Participatieprojecten

De afgelopen jaren hebben het Brussels Hoofdstedelijk Parlement en het Waals Parlement participatieprojecten georganiseerd.

Het Brussels Hoofdstedelijk Parlement organiseerde in 2017 "Make your Brussels – Mobility", een participatieproject waarbij veertig Brusselaars via loting werden uitgenodigd om in een panel met elkaar te debatteren en voorstellen uit te werken om de mobiliteit in Brussel te verbeteren.

Het Waals Parlement organiseerde in 2017 een burgerpanel over de lange-termijnuitdagingen van de vergrijzing in Wallonië. Dit burgerpanel bestond uit dertig uitgekozen burgers. In 2018 organiseerde het Waals Parlement een gelijkaardig burgerpanel over jongeren in Wallonië.

Deliberatieve organen in parlementaire assemblees: decreetgeving en parlementaire reglementen

Sommige deelstaatparlementen hebben initiatieven genomen om de burgers op een meer structurele wijze bij hun werkzaamheden te betrekken.

1. Het Parlement van de Duitstalige Gemeenschap

Het Parlement van de Duitstalige Gemeenschap heeft op 25 februari 2019 het decreet tot invoering van een permanente burgerdialoog in de Duitstalige Gemeenschap aangenomen. Jaarlijks worden een tot drie burgerpanels opgericht die zijn samengesteld uit 25 tot 50 burgers die via loting worden uitgekozen, met een evenwichtige vertegenwoordiging op basis van geslacht, leeftijdsgroep, geografische herkomst en sociaal-economische diversiteit. De burgerpanels worden aangestuurd door een burgerraad, die bestaat uit 24 gelote burgers die voordien aan een burgerpanel hebben deelgenomen.

De burgerraad kiest de onderwerpen die de burgerpanels bespreken, op basis van voorstellen van minstens twee van zijn leden, van een parlementsfractie, van de regering van de Duitstalige Gemeenschap of van minstens 100 burgers. In beginsel hebben de onderwerpen betrekking op de bevoegdheden van de Duitstalige Gemeenschap, maar uitzonderlijk kan ook een ander onderwerp worden gekozen.

De burgerpanels stellen aanbevelingen op, die aan een commissie van het Parlement van de Duitstalige Gemeenschap worden bezorgd. Die commissie moet aangeven of en hoe ze aanbevelingen ten uitvoer zal leggen. Wanneer ze van oordeel is dat een aanbeveling niet moet worden gevolgd, moet ze dit motiveren.

De burgerraad zorgt voor de follow-up van de aanbevelingen die worden uitgevoerd.

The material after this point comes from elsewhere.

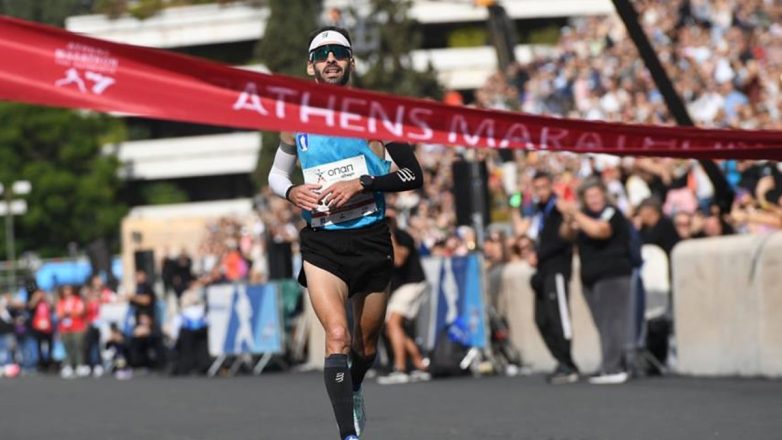 ΕΟΕ: Τιμητική υποτροφία στον νικητή του Μαραθωνίου της Αθήνας, Παναγιώτη Καραΐσκο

Binnen een jaar wordt de stand van zaken in een openbare zitting van de bevoegde parlementaire commissie voorgesteld en besproken.

2. Het Brussels Hoofdstedelijk Parlement, de Raad van de Franse Gemeenschapscommissie en het Waals Parlement

Het Brussels Hoofdstedelijk Parlement en de Verenigde Vergadering van de Gemeenschappelijke Gemeenschapscommissie (op 13 december 2019), de Vergadering van de Franse Gemeenschapscommissie (op 20 december 2019) en het Waals Parlement (op 28 oktober 2020) hebben elk via een wijziging van hun respectief reglement de mogelijkheid ingevoerd om gemengde overlegcommissies op te richten die bestaan uit parlementsleden en gelote burgers. De drie regelingen zijn vergelijkbaar.

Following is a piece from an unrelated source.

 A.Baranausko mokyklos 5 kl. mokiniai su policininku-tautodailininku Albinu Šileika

De respectieve parlementaire assemblees kunnen een overlegcommissie samenstellen, op eigen initiatief of wanneer ze een ontvankelijk burgerinitiatief ontvangen. Die overlegcommissies bestaan uit de leden van de bevoegde vaste commissie en 30 of 45 gelote burgers, waarbij voor die laatste groep wordt toegezien op een diverse en representatieve selectie. De commissie wordt bijgestaan door een begeleidingscomité, met onderzoekers en ervaringsdeskundigen op het vlak van burgerparticipatie, en eventueel ook inhoudelijke experts en personeelsleden van de respectieve assemblees.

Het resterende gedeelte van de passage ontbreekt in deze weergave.